§ **Action item**
After locating "LED-Deckenlampe PURE Popup, grau/rauchgrau, Ø" in the listing below, copy that line and each one after it exactly, ending with the line that has "50L/80L Travel Backpack".

§ **Source records**
────────────────────────────────────────

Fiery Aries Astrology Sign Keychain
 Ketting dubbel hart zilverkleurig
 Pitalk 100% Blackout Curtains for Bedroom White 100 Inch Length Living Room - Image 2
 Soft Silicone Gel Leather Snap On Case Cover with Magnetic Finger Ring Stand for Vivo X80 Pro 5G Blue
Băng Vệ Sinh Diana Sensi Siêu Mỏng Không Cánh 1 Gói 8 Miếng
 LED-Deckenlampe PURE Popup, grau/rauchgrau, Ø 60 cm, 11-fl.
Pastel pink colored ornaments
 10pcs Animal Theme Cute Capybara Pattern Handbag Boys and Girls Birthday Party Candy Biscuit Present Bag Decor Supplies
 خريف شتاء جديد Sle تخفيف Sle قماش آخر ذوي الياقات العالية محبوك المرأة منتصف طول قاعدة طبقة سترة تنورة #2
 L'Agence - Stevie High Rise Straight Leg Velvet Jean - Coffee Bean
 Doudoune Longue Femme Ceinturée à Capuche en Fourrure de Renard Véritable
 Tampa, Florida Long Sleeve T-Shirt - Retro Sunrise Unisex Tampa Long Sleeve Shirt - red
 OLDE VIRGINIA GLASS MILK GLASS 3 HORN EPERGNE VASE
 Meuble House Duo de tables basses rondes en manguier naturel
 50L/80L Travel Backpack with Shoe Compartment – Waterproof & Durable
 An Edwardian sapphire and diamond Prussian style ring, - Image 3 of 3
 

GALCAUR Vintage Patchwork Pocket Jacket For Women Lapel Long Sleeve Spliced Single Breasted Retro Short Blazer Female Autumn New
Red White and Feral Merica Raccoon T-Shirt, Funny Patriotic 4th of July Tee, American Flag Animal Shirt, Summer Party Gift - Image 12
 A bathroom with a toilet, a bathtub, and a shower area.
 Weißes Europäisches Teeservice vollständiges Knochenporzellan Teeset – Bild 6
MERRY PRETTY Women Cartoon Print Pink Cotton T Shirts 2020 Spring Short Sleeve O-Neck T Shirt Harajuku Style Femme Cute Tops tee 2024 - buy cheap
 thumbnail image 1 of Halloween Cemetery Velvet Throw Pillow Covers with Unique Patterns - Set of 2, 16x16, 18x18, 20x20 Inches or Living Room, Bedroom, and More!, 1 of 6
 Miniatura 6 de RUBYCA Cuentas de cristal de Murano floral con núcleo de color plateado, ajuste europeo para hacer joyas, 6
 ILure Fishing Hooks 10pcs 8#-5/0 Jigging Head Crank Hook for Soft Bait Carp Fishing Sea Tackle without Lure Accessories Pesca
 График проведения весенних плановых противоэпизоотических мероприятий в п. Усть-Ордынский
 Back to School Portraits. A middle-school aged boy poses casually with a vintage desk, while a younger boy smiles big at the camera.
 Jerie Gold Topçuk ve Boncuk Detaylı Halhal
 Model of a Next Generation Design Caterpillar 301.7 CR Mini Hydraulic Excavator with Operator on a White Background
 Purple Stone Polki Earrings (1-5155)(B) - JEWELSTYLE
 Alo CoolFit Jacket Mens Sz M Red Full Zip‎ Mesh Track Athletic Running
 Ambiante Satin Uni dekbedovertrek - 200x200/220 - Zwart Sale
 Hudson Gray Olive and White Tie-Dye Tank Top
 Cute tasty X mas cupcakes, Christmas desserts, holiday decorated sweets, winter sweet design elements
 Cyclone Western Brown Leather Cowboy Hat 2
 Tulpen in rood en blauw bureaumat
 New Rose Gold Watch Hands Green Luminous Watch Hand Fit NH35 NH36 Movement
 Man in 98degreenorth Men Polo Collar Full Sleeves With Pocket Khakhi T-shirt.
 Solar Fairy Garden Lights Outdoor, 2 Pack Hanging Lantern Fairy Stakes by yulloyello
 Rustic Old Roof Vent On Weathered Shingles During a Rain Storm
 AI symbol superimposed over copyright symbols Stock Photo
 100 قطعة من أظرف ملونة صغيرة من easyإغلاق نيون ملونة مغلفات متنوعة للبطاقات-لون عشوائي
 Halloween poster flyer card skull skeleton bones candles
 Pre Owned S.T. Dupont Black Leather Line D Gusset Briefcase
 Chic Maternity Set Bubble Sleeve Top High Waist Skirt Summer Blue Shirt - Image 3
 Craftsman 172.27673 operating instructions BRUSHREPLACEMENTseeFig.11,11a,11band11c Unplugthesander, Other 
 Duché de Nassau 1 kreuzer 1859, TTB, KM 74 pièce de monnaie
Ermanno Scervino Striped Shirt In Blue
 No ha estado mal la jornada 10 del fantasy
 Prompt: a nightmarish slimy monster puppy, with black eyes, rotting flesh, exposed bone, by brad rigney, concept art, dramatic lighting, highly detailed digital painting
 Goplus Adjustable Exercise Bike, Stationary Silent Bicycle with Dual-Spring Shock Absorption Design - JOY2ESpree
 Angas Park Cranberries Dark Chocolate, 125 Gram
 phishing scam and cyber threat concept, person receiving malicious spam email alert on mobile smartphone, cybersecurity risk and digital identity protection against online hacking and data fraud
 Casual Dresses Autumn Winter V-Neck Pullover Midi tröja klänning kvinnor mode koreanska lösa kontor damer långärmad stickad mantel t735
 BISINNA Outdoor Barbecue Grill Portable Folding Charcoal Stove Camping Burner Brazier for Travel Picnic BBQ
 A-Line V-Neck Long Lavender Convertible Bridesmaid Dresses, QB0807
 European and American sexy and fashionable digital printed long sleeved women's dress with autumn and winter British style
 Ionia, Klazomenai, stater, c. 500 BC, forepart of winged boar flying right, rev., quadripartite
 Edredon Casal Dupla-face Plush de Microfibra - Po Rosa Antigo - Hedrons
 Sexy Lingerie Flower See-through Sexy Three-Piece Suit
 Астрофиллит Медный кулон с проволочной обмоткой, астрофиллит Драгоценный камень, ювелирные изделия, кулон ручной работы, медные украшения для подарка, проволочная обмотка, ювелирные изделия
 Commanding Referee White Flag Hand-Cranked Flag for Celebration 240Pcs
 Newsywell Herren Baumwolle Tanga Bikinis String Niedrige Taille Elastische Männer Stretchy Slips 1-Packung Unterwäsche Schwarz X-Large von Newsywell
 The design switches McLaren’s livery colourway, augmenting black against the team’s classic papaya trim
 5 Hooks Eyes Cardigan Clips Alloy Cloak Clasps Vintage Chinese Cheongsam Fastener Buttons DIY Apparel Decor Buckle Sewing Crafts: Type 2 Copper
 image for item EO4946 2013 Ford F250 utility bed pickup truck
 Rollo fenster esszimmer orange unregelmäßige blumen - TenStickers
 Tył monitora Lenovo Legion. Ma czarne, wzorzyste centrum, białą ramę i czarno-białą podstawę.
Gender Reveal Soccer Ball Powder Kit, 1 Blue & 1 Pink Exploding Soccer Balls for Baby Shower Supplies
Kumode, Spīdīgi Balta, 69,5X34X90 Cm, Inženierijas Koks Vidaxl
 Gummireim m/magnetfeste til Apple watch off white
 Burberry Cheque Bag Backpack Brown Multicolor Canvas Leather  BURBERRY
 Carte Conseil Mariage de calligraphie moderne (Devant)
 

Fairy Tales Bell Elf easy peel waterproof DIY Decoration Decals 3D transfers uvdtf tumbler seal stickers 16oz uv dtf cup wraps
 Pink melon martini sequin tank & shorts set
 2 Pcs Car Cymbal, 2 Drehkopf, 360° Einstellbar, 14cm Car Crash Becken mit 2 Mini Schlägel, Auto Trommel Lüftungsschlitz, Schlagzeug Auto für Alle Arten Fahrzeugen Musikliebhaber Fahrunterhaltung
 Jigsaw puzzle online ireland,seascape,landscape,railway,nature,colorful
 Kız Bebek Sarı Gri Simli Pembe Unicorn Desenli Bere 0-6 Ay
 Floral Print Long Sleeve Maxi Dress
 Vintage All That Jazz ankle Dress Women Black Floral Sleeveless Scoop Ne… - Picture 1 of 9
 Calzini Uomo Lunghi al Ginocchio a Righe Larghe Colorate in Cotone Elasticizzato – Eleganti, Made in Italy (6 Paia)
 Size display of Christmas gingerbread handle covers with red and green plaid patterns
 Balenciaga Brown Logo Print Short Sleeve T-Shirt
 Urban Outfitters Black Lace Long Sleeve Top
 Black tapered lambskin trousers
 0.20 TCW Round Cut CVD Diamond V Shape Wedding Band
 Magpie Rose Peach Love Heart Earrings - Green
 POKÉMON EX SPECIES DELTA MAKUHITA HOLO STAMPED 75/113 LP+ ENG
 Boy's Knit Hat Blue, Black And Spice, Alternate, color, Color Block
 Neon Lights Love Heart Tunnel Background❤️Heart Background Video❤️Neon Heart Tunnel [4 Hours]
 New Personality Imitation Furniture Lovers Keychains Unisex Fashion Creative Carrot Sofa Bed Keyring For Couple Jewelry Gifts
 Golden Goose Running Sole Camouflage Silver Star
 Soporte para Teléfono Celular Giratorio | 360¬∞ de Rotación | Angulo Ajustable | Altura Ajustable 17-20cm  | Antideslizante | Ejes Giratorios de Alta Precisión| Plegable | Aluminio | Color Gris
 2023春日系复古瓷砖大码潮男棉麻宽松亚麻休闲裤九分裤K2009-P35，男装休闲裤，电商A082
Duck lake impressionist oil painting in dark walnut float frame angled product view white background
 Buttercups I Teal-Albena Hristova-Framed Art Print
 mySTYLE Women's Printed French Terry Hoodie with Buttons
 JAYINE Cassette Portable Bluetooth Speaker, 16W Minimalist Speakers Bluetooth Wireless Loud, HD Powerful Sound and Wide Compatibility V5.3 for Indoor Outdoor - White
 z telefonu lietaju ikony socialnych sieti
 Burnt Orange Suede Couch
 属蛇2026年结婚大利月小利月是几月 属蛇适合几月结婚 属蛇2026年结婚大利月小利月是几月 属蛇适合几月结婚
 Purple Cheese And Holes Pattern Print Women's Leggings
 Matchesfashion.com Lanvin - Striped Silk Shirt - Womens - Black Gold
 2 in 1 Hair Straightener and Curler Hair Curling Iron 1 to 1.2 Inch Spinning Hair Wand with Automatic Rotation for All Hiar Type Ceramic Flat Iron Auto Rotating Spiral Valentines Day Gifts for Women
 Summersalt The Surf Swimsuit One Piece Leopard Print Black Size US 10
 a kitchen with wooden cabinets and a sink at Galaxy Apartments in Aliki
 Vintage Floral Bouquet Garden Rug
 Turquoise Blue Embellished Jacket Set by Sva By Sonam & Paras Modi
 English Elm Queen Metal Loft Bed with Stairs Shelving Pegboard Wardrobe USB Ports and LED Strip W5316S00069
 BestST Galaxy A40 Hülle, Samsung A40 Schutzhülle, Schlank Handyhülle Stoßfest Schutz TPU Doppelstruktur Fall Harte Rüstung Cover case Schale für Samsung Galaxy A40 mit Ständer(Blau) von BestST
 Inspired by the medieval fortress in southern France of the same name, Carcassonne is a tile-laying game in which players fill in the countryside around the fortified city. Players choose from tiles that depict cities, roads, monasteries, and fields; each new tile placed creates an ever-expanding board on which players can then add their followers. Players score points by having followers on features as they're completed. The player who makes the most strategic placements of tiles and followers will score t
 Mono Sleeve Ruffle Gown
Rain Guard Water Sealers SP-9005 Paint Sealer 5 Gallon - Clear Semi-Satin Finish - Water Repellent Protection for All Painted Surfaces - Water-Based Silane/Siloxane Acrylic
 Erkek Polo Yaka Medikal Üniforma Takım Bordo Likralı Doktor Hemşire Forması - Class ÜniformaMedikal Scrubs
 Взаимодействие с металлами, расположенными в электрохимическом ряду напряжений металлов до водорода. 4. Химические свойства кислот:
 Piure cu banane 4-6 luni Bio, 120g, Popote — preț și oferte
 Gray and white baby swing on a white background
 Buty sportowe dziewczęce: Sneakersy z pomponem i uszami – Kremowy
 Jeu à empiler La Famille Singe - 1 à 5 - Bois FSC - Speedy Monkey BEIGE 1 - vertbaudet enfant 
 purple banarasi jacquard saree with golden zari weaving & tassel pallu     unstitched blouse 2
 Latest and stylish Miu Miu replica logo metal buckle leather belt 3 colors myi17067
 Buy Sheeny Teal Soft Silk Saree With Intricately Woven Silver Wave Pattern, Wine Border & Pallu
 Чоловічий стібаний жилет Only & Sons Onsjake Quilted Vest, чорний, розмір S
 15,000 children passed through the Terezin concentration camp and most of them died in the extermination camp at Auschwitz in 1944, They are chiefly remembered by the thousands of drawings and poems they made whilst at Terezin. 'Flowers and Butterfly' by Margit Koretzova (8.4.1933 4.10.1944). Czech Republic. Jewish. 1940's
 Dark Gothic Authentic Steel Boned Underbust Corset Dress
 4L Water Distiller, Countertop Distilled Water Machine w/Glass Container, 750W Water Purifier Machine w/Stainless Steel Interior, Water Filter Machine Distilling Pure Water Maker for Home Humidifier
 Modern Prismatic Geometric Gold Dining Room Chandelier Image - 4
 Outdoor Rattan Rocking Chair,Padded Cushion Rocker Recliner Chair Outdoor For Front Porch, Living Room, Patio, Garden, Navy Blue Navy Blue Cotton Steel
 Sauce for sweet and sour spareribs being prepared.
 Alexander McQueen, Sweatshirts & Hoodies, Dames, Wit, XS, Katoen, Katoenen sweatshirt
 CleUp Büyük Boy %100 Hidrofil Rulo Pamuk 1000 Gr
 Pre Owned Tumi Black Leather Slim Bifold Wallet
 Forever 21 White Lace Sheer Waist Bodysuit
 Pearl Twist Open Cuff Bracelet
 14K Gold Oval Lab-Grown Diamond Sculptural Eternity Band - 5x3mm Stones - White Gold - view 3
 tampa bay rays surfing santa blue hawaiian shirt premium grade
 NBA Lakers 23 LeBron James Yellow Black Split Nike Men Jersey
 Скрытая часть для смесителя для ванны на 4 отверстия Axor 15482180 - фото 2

────────────────────────────────────────

§ **Solution**
 LED-Deckenlampe PURE Popup, grau/rauchgrau, Ø 60 cm, 11-fl.
Pastel pink colored ornaments
 10pcs Animal Theme Cute Capybara Pattern Handbag Boys and Girls Birthday Party Candy Biscuit Present Bag Decor Supplies
 خريف شتاء جديد Sle تخفيف Sle قماش آخر ذوي الياقات العالية محبوك المرأة منتصف طول قاعدة طبقة سترة تنورة #2
 L'Agence - Stevie High Rise Straight Leg Velvet Jean - Coffee Bean
 Doudoune Longue Femme Ceinturée à Capuche en Fourrure de Renard Véritable
 Tampa, Florida Long Sleeve T-Shirt - Retro Sunrise Unisex Tampa Long Sleeve Shirt - red
 OLDE VIRGINIA GLASS MILK GLASS 3 HORN EPERGNE VASE
 Meuble House Duo de tables basses rondes en manguier naturel
 50L/80L Travel Backpack with Shoe Compartment – Waterproof & Durable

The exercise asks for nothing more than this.